It would be hard for anyone living in Portland not to be aware of people who live on the streets; we see them everyday, with their belongings packed into shopping carts or bike trailers, collecting bags of returnable cans and bottles, huddled in doorways, or asking for spare change. On the cold and snowy East Coast, some fifty thousand people are now without a home in New York City. Homelessness in Washington DC is expected to rise 16 percent this winter. And in Massachusetts, it has spiked 40 percent since 2007. Right here in Portland, according to the Portland Housing Authority,

On any given night, about 4,000 people sleep on the streets or in shelters across Portland. Homeless people can be adults, young people, couples or families with children. They are living on the streets, either temporarily or for the long term, for a variety of reasons……: an untreated mental illness, a physical disability, domestic violence, the loss of a job, or a drug addiction. They may be experiencing a financial crisis and have been evicted from their home for the first time; they may cycle from homelessness to housing and back to homelessness again; or they may be chronically homeless, having lived on the streets for many months or years.
 
There are those who say to these people, “Get a job!”, to which the answer is, Just try to imagine what it would be like finding a job in the real world when you have no address or phone number to put on a resume, no place to shower or shave, no clean clothes, and only public transportation by which to get to far flung locations. Then imagine, if you should get a job, trying to find a place to live, with first and last months rent in advance, when you’re making less than $10 an hour.

Without a job or a place to live, getting enough to eat is a challenge. There are people who would like to feed people who are hungry, but more and more cities are making this illegal. You may have heard about

Arnold Abbott, age ninety, [who] has made international headlines for being arrested multiple times for organizing feedings of the homeless in public spaces in [Fort Lauderdale, Florida] his hometown, famous for its retirement community and spring break party-goers. …[1]

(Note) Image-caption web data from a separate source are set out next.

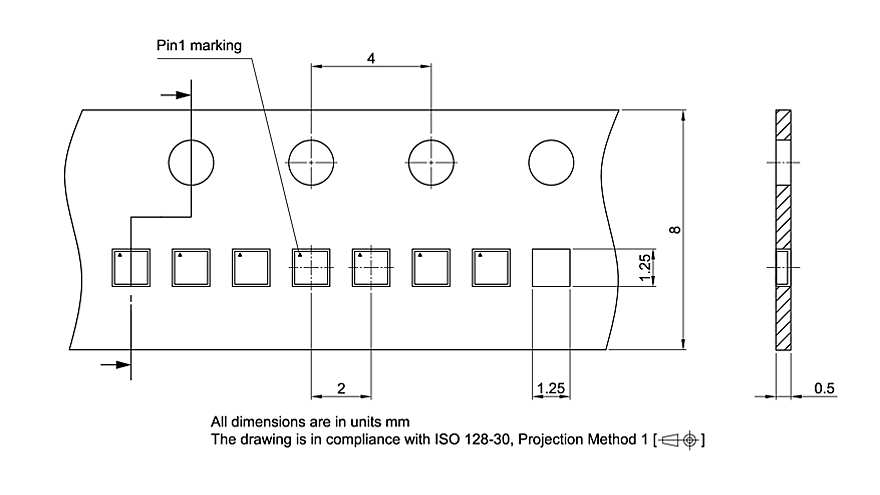 PG-TSLP-8-1_Tape and Reel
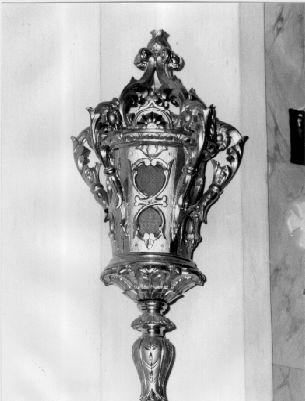 MADONNA CON BAMBINO (rilievo) - ambito lunigianese (fine/inizio secc. XVIII/ XIX)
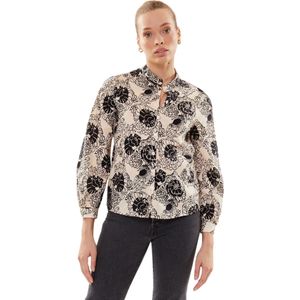 Vrouwenblouse La Petite Étoile Novie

The mayor of the town thinks no one should get to eat without paying for it unless they get government approval, and many people claim that feeding the homeless only encourages homelessness.

According to  Ari Paul, writing on the Jacobin Magazine website,
The situation in Florida …illustrates how immiseration is produced not by accidental market mechanisms, but by cold and precise state policy. Austerity is not a triumph of market values over so-called big government. It is a redirection of state resources away from services for people in need to forces working against them. Food stamps are cut, but federal grants to police departments keep flowing.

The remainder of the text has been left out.